From pv magazine global
Scientists at Colorado State University are investigating how the redistribution of rainfall and light caused by agrivoltaic systems mounted on single-axis trackers can affect the growth of non-irrigated grassland. The study is part of the Sustainably Colocating Agricultural and Photovoltaic Electricity System (SCAPES) project, funded by the U.S. Department of Agriculture.
“What we found is that on the drip edges of modules, depending on whether you’re tilting to the east or the west when there is a rainfall, you can get somewhere between two to five times the amount of precipitation dumped in one spot,” Colorado State PhD student Matthew Sturchio told pv magazine. “If you want to quantify that for Colorado, it’s about changing the annual precipitation from 350 mm to 1,200 mm of rain. When you do that, you can really improve the amount of soil moisture that stays throughout the season, instead of letting it evaporate.”
Sturchio and his team are conducting research on Jack’s Solar Garden, a 1.2 MW community solar garden in Boulder, Colorado. The project was installed in 2020 and features more than 3,200 380 W monocrystalline PV modules from Vietnam-based solar manufacturer Boviet Solar. The panels are mounted on single-axis trackers, one-third of them at nearly 8 feet in height, and the other two-thirds at 6 feet.
Colorado has a semi-arid climate, with stronger rainfalls and temperatures around 95 F in the afternoons. Temperatures in the morning are around 72 F. The trackers tilt to the east in the morning, and to the west in the afternoon, following the sun. When it rains, this movement simulates the conditions of large rainfalls on either edge, with more water falling on the west edge due to the higher rainfall volumes in the afternoon.
Consequently, the research team originally expected the west drip edge to show increased grassland productivity. Instead, they found that the east edge, with lower soil moisture, has higher grassland growth.
They placed moisture sensors on the land and found that there is a 16 inch to 24-inch wide strip that benefits from the increased soil moisture from the drip edges. Experiments showed that air temperature and dryness also impact grassland productivity within and outside that strip.
The temperature optimum for the grassland growing at Jack’s Solar Garden is a lot closer to 86 F than it is to the 95 F registered in the afternoons, according to Sturchio. “If you exceed 30 degrees [C], you are reducing the amount of photosynthesis that can happen for that plant,” he said.
The team found that the lower air temperatures and reduced air dryness in the morning compensate for lower soil moisture, leading to increased productivity in the east edge.

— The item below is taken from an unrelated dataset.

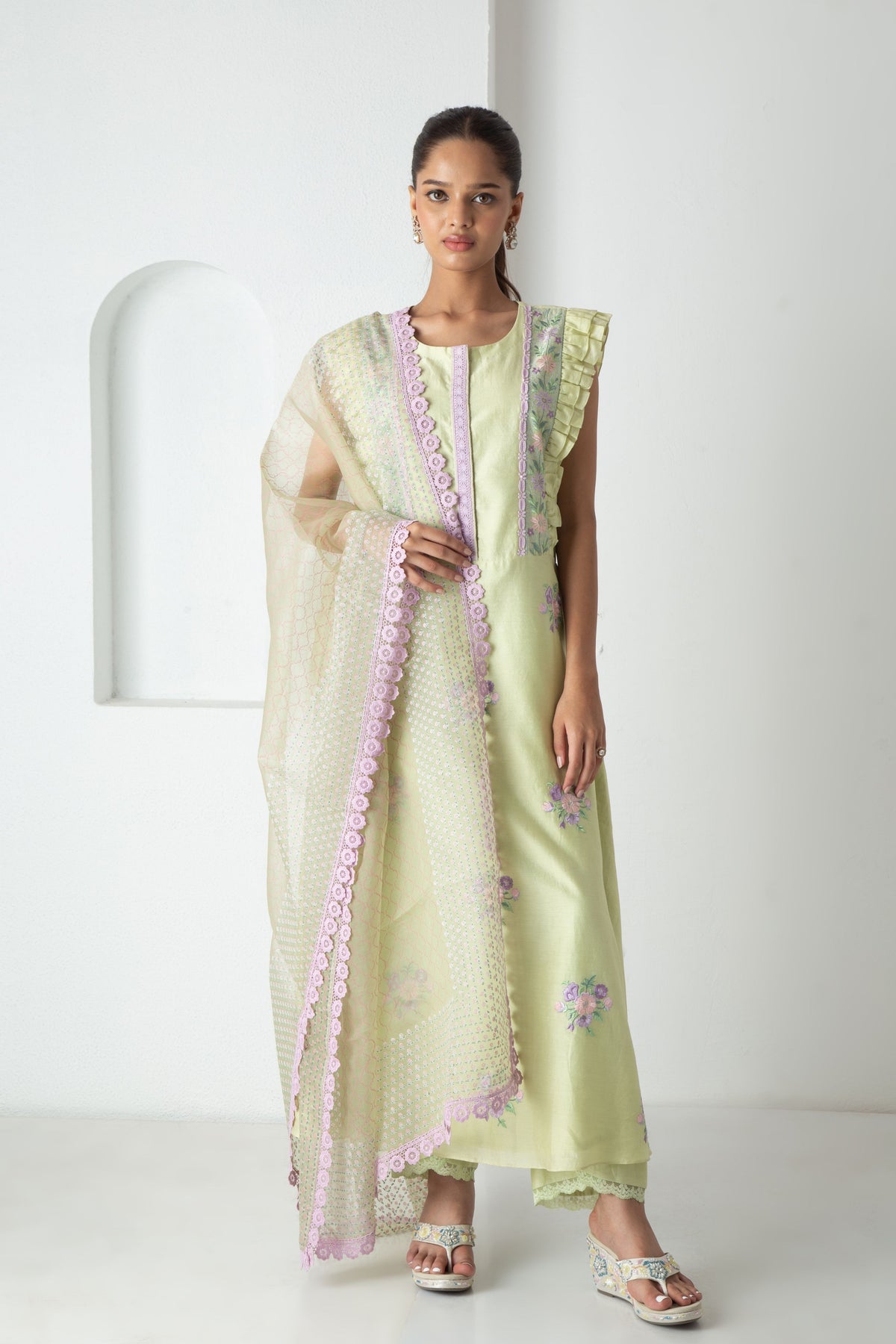 Suki Kurta Set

The shading provided by the solar arrays also proved to increase productivity.
“Typically, you’d imagine that grassland is adapted to deal with really high light for the entire day,” said Sturchio. “But we found that if you shade for half of the day with the solar array, it improves photosynthetic efficiency. You have higher rates of photosynthesis when the sun is available because you have a shorter photoperiod,” he explained.

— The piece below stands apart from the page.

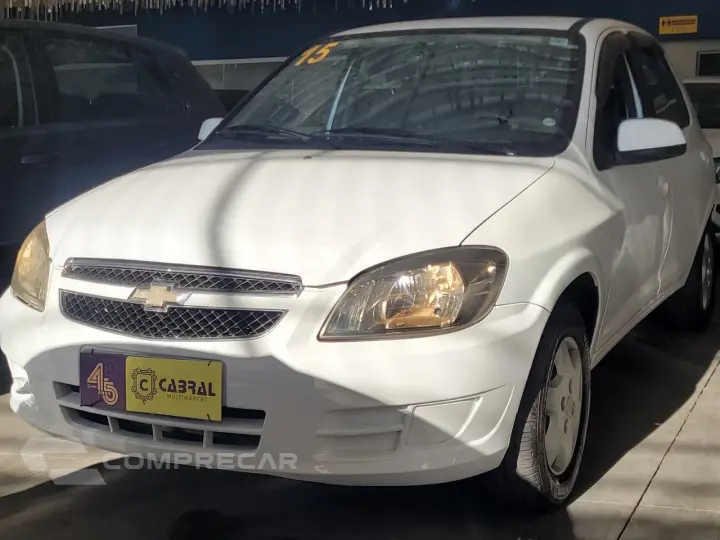 Celta Spirit/ LT 1.0 MPFI 8V FlexP. 5p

Moreover, shorter photoperiod results in less evapotranspiration from the leaves, reducing the amount of water loss. This could prove crucial in keeping grassland productivity during periods of drought, according to Sturchio. The team hopes to test the hypothesis if Colorado experiences a drought period in the future.
The installation at Jack’s Solar Garden is designed to maximize electricity production, without much space between panel rows. The team found that the soil outside the east or west edge strip behaves more like the space between panel rows, and the conditions between the two strips are more similar to the conditions directly underneath the solar arrays.
They also observed that the leaves of plants under the solar arrays are 39 F cooler. “There are a lot of plants that can benefit from this lower temperature in the middle of summer in Colorado,” said Sturchio.
Overall, the present design leads to 9% less grass production, mainly attributed to the space directly under the solar array. The economic gains from electricity production vastly compensate for the slightly lower crop production, according to Sturchio.
“But if we space the solar arrays out to 15 meters apart, then you get a 6% increase in productivity in a wet year,” he claimed.
Going forward, the SCAPES project aims to develop agrivoltaics in degraded agro-ecosystems.
The team believes that their understanding of the effects of single-axis agrivoltaic systems on rainfall and light redistribution and consequent impacts on crop productivity can help to restore land degraded by overgrazing, agriculture practice, and water scarcity.